MySQL writes a binlog record only on commit. As long as the transaction does not commit successfully, nothing is visible to replicas, and neither to CDC.
The data written to the binlog are all the row changes affected by a set of statements in a transaction. It is not geared to business level events of the kind we want to see on our Kafka, but logs table level changes to the SQL schema.
The data written to the binlog will reflect changes to the table structure, as the schema evolves based on the needs of the team owning that schema. Since the CDC stream sees the same changes, the data format in there will also change, and break downstream consumers.
One might entertain the idea of not reading data from MySQL binlogs, but implementing CDC at the application level. This has a few advantages:
- MySQL binlog format may evolve and change, as MySQL evolves and changes. For example, a hierarchy may convert to group replication (many do), compression is being introduced, compliance may require encryption or other changes. We may not want this tight coupling, but be able to upgrade and change individual instances at will.

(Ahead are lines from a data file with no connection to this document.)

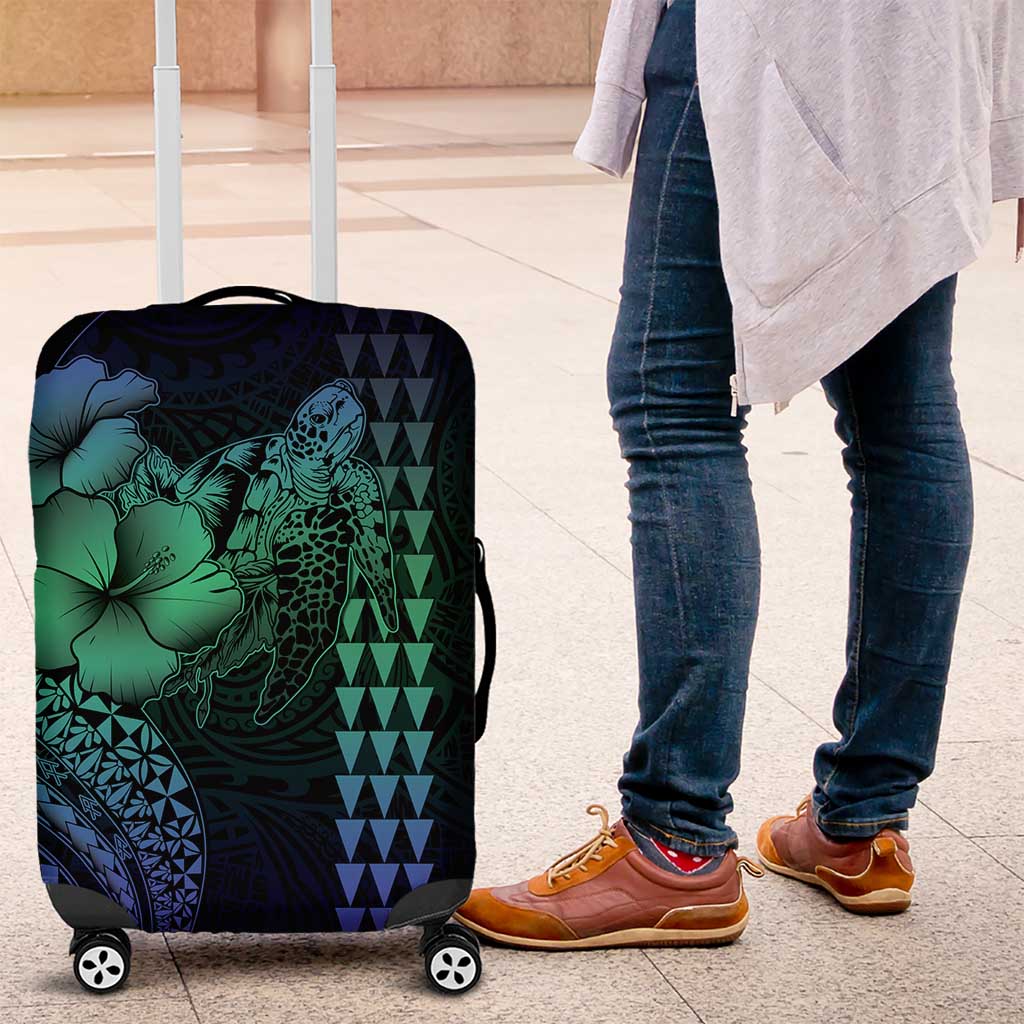 Hawaiian Sea Turtle Luggage Cover Blue Hibiscus Flowers and Kakau Pattern LT9 Blue - Polynesian Pride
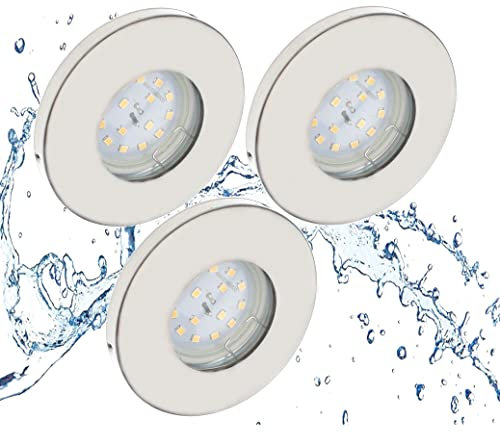 Trango 3er Set 6729IP65-032MO LED Einbaustrahler IP65 aus Edelstahl gebürstet inkl. 3x 5 Watt 3000K warmweiß Ultra Flach LED Modul für Bad, Dusche, Einbauspots, Deckenstrahler, Deckenlampe, Badleuchte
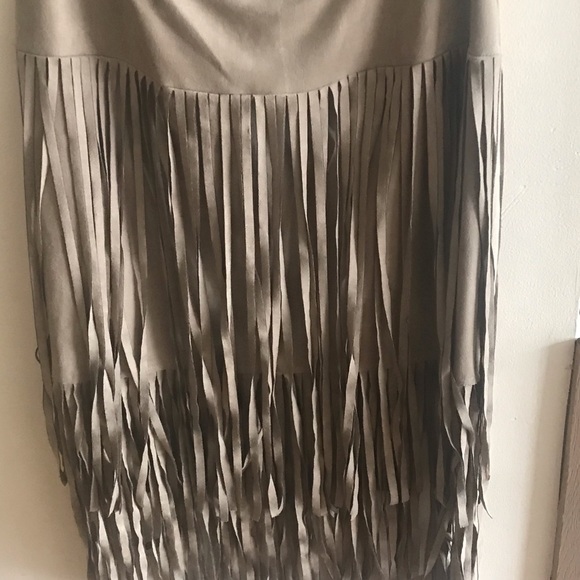 Dresses & Skirts - Suede Tan Skirt with Fringe -  Never worn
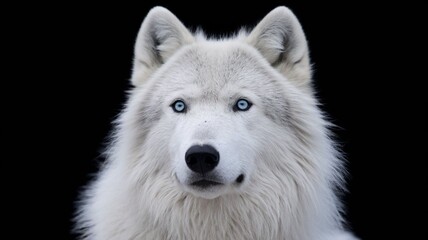 Fototapeta premium arctic wolf face portrait isolated on black background
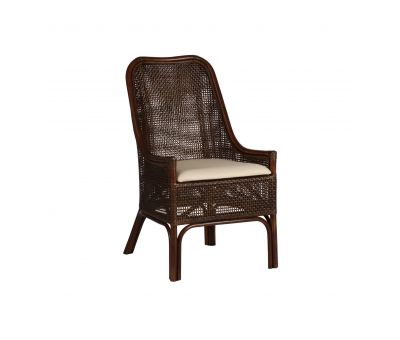 Rattan cane chair with seat cushion 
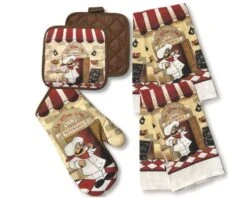 Kitchen Linen Set Includes 2 Dish Towel 2 Pot Holders 1 Oven Mitt | Kitchen Towel Set For Cooking, Baking, Housewarming And Kitchen Decoration (Set Of 5) (Chef)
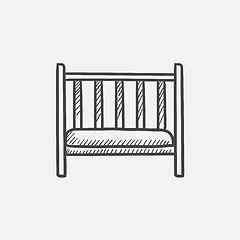 Image showing Baby cot sketch icon.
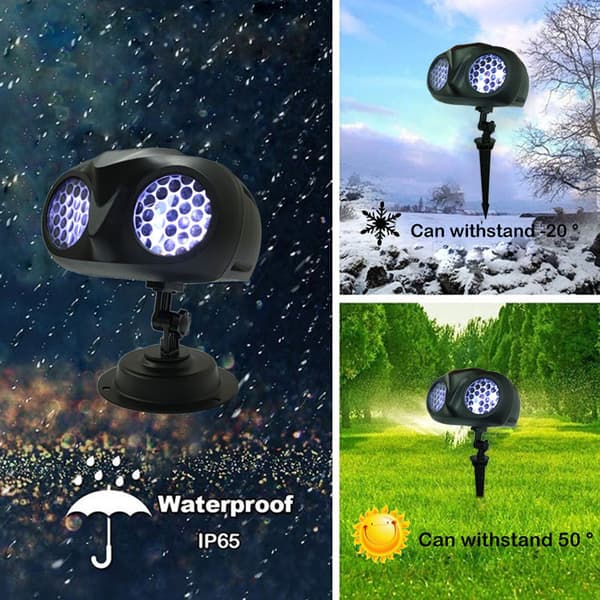 Outdoor Holiday Decoration Christmas Pattern Inserted Snow Lamp 170*320mm, Plus Base 150*100*85mm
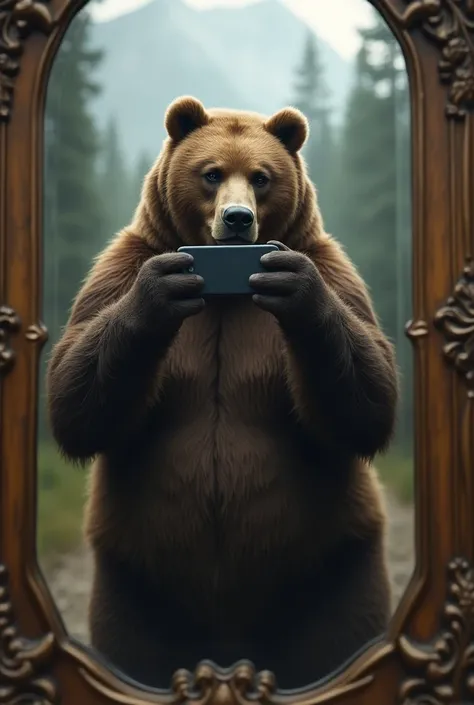  big BEAR taking a selfie with an iPhone with flash in front of a mirror. The bear must be 100% real%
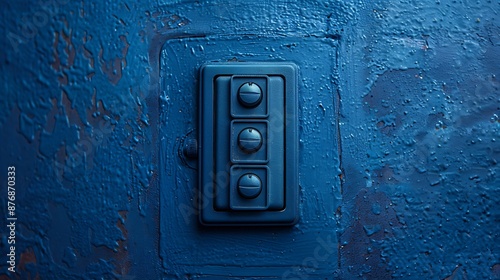 **Smart light dimmer on a solid slate blue background © coco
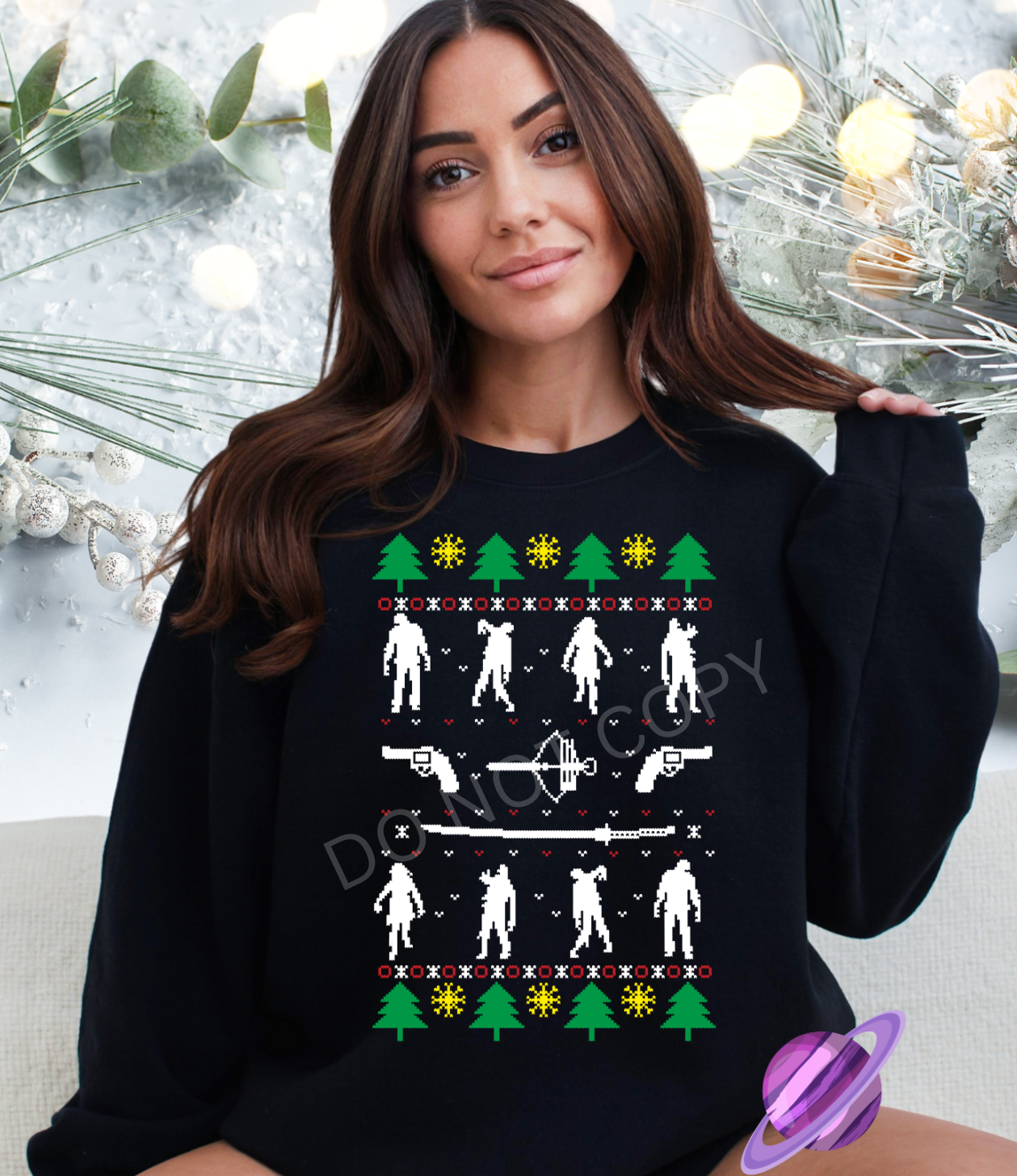 WALKING D UGLY SWEATER CREWNECK SWEATSHIRT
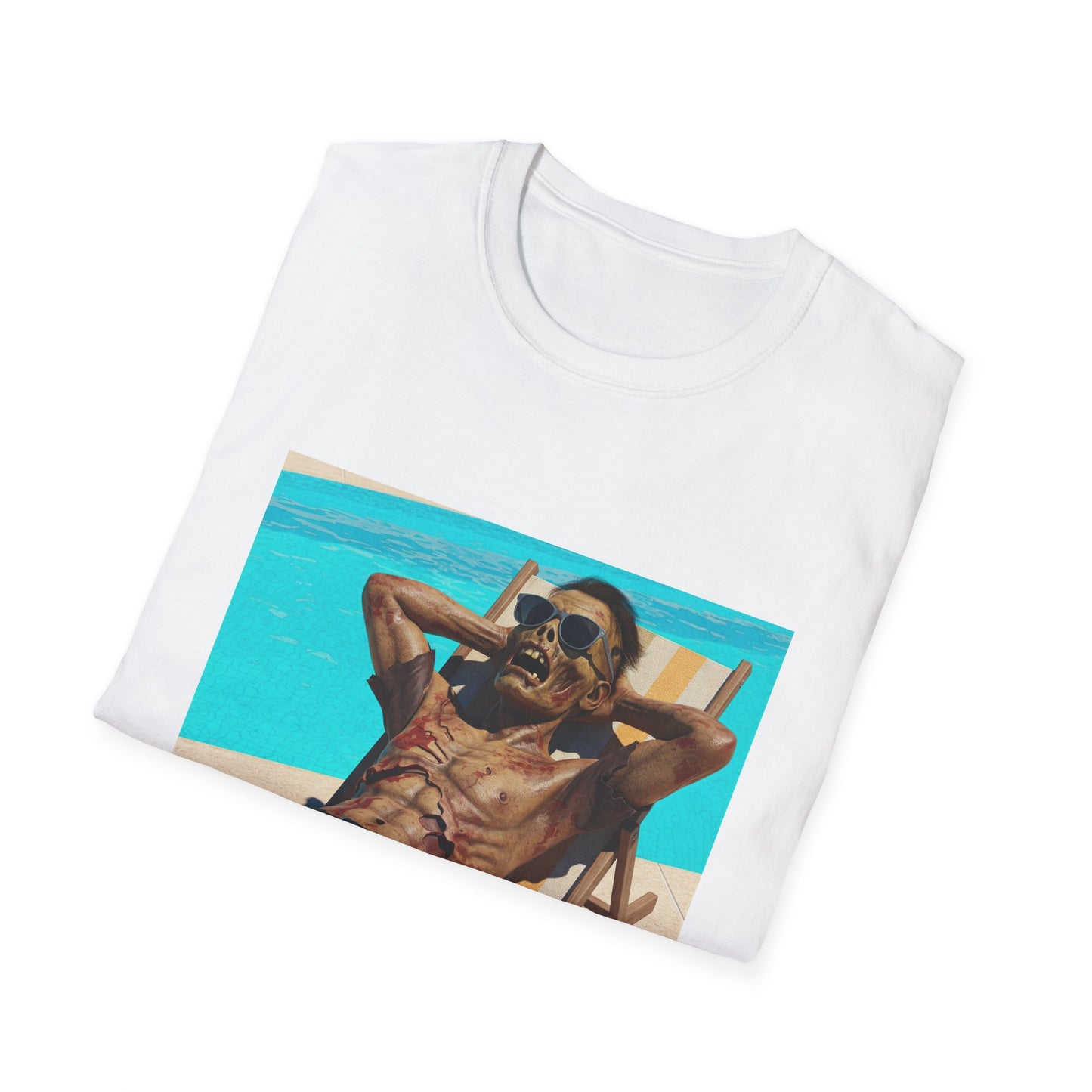 Chill Vibes Apocalyptic Portrait Tee, bold, decaying zombie graphic
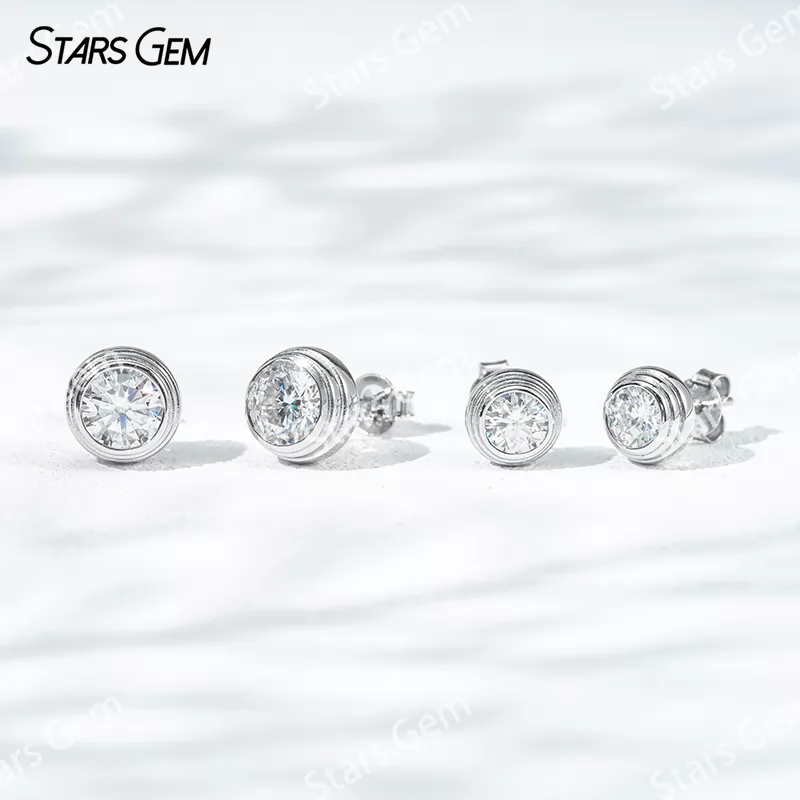 5mm & 6.5mm Round Brilliant Cut Moissanite Bezel Set S925 Sterling Silver Diamond Stud Earrings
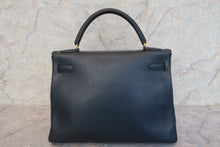 将图片加载到图库查看器，HERMES KELLY 32 Graine Couchevel leather Blue Indigo 〇X刻印 Shoulder bag 600100049
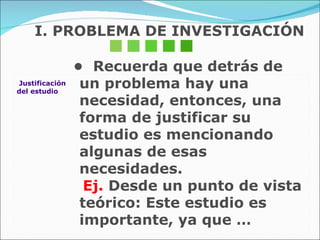 •  Recuerda que detrás de un problema hay una necesidad, entonces, una forma de justificar su estudio es mencionando algunas de esas necesidades. Ej.  Desde un punto de vista teórico: Este estudio es  importante, ya que … Justificación  del estudio I. PROBLEMA DE INVESTIGACIÓN 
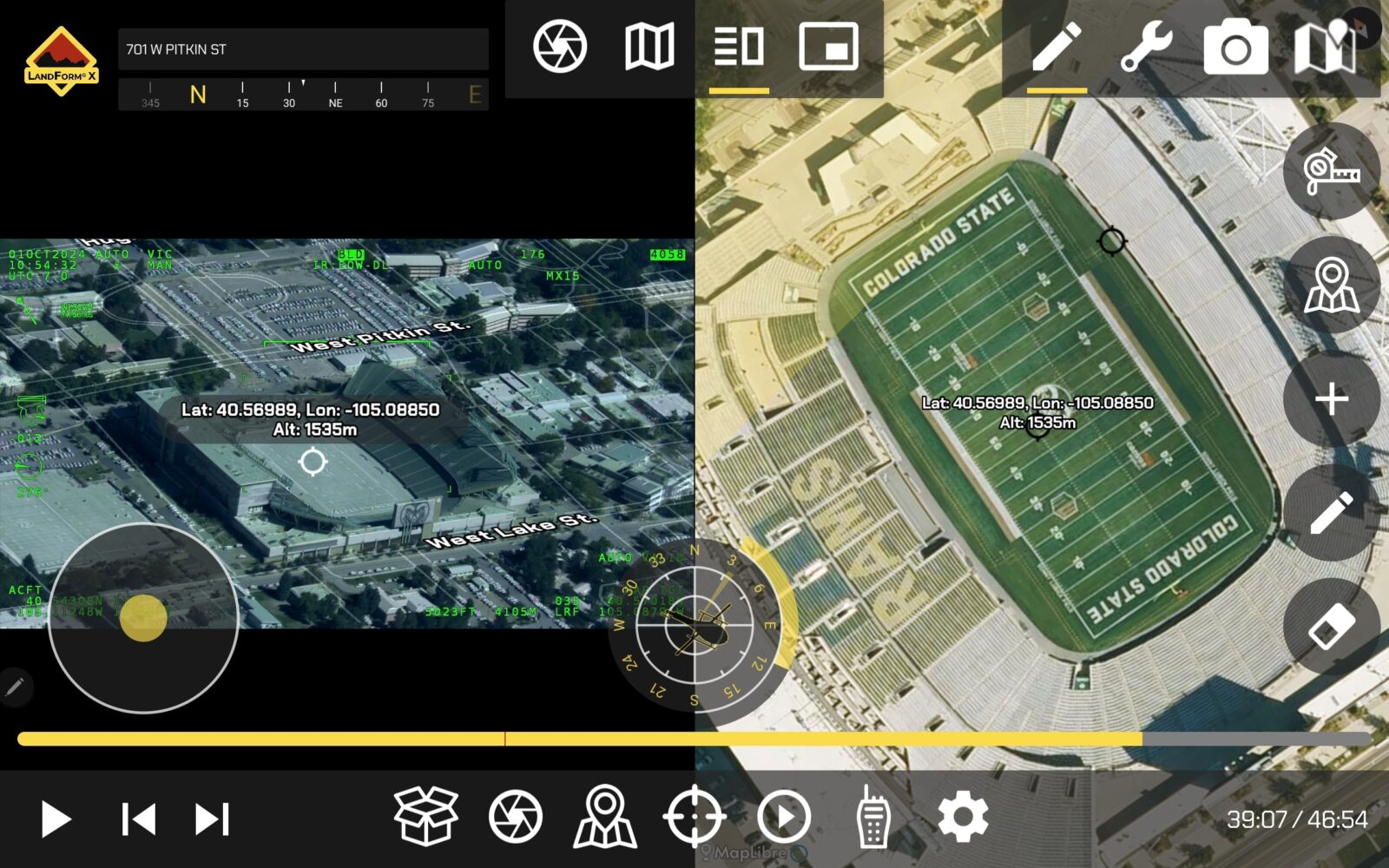 Side-by-side aerial views of an indoor sports complex and an outdoor football field with GPS coordinates and altitude information displayed.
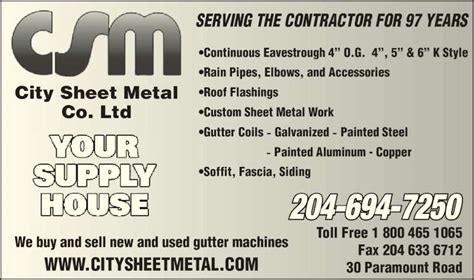 city sheet metal winnipeg|sheet metal suppliers Winnipeg.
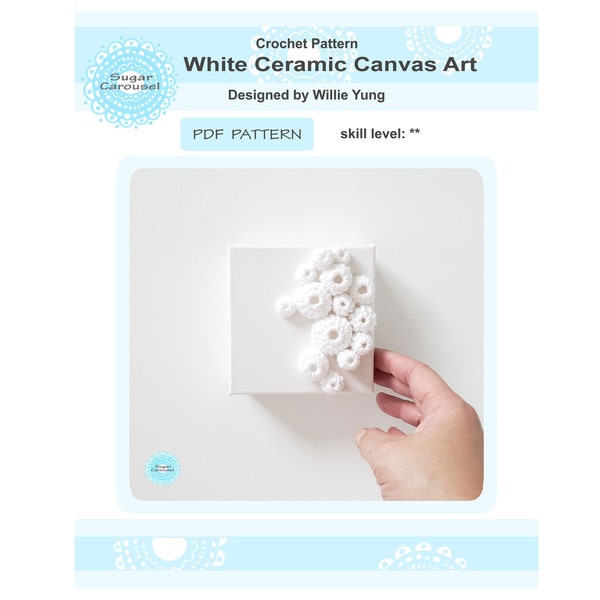 PDF Crochet Pattern White Ceramic Canvas Art - square texture modern minimalist diy craft tutorial instruction how to idea lockdown project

- The schema may evolve depending on the needs of the schema owner, which affects the format of events in the binlog, breaking downstream CDC consumers. We may not want this tight coupling, but be able to evolve applications and their schema at will.
But emitting CDC events at the application level introduces great complexity: We must make sure that only events that are actually committed are visible on the bus, and that conversely no events are lost.
The default workaround at this point in time is the outbox: Applications perform their changes to the data as they wish, and in the same transaction also write to a table in a fixed format, the outbox.
CDC reads the complete binlog, discards all writes except writes to the outbox, and uses the outbox changes to create a message on the bus.
This guarantees a fixed data format, as the format of the outbox table is fixed, while allowing the data owner to change all other tables at will.
It guarantees transactionality as well: as the writes to the private tables and to the outbox happen in a single transaction, they will always succeed or fail together.
And it is relatively simple to implement.
But Outboxes are still dependent on reading the MySQL binlog format. Every time that changes, CDC breaks. Or if it needs to change, the change needs to be coordinated between the data owners of a schema and all their consumers and dependencies.
The alternative, emitting a CDC event and performing a change to the database, can only work with some kind of commit tracking in the database.
This exists, but is a relatively new and untested feature in MySQL: Server Tracking of Client Session State . Not all client libraries have full support for session state tracking, yet.
Session State Tracking allows a client to MySQL to know what the server is currently doing: for each piece of Connection Scoped State a tracker exists, so the client has access to the session state on a controlled way, and is notified if any state on the server changes.
For the purposes of CDC, the GTID tracker informs the client if a commit to the server succeeded and a global transaction id was assigned. The client gets a chance to correlate bus events with database transactions, and make sure both match.
While being a much more complicated approach, it has the chance of breaking the dependency of being able to read MySQL binlogs. It is still a work in progress, though.